Büyük ihtimalle Şeyh Edebali’yi ziyaret ettiği bir gün tekkede misafir ederler Ertuğrul Gazi’yi. Gece kendisine bir oda verilir uyuması için. Odada yüksekçe bir yerde asılı duran Kur’ân-ı Kerim’de vardır. Kur’ân’ın bulunduğu odada ayaklarını uzatıp yatmayı edepsizlik sayan Ertuğrul Gazi, ellerini göbeğine bağlar ve sabaha kadar Kur’ân’ın karşısında ayakta durur. Yorgunluktan dizlerinin üzerine çöktüğü bir anda uykuya dalar, ancak çok kısa bir zaman sonra irkilerek uyanır. Çünkü uykusunda, zifiri karanlıklar içinden sahibi belli olmayan bir ses oldukça kesin ve etkili bir tonla şöyle der : “Mademki sen bizim kelâmımıza bu kadar hürmet ettin öyleyse biz de sen ve senin neslinden gelecek olanlara cihan saltanatını nasip ettik’…”

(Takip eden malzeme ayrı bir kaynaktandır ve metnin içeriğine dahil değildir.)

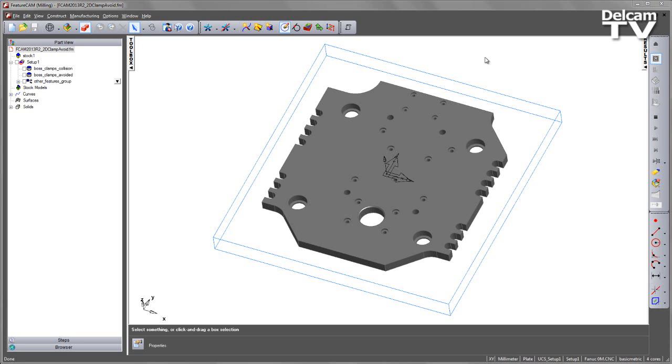FeatureCAM 2013 R2 now has a new option to clip or trim toolpaths to clamps and fixtures. This new option has come in for the 2.5D machining operations. We do this by using the new NT toolpaths and select a Check Surfaces option to avoid those clamps or fixtures.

Kalemi sadece hakaret etmenin derdinde olan bir tarihçi bu olayı kaynak göstererek, Ertuğrul’un o sırada Kur’ân’ı alıp okumamış ve ayakta durmayı tercih etmiş olmasından, onun Kur’ân okumayı bilmediğini dolayısıyla da Müslüman olmadığını, beylik kurarken şartların mecbur kılmasından dolayı Kayıların İslamiyet’e girdiğini yazdı.
Hakaret etmek isteyenler bu olayı tarihe kaynak gösterirken, ilmin deryasına çok fazla dalmış olan bizimkiler de bırakın kaynak olmayı, hikâye olabileceğini yazdılar. Ama ne batının tarihçileri ne de bizimkiler Ertuğrul’un o tekkede ve o şeyhin karşısında ne işi olduğunu, sadece turistik bir gezi amacı ile mi oraya gittiğini hiç sormadılar.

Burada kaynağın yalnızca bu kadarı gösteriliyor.